So we need an example to go into some detail here:
Assume the business handles Students and Teachers with two endpoints in the API (/teacher
and /student
). Lets also assume the database has a single person
table in the data base.
You can approach this by having a query that takes an argument and looks up people. Something like exec people_in_role @role='teacher'
.
Or you can take the approach of two separate queries. exec students
and exec teachers
In the first approach you have applied the DRY principle and removed the duplication in the query. But you have also introduced the idea of a Person
into the business logic as the base type of both Teacher
and Student
.
In the second approach you have minimised the coupling between the domain concepts Teacher
and Student
keeping them independent and clean. On the other hand this has forced the database to expose two concepts as two stored procs, and duplicate what is essentially the same code.

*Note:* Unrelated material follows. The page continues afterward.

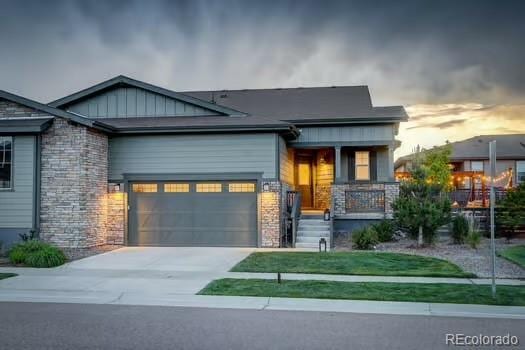 7029 Sagerock St, Castle Pines, CO 80108 - craftsman-style home with covered porch, concrete driveway, a garage, stone siding, and board and batten siding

Neither approach is strictly superior.
- Are you going to split the
People
table apart? Option 2 fits this situation better, as it doesn't impose any higher level coupling in the domain logic. Thus allowing the table to be split and change independently. But you will pay the price for maintaining near identical code.
- Do you already have a
Person
base class in the domain logic? Option 1 reduces code duplication. And aligns the Database with the domain logic for easier reasoning. But you will pay the price of having highly coupled domain logic.
In both cases what you are looking for is that sweet spot where the coupling isn't fighting how the system is being used, or being grown, but instead assists.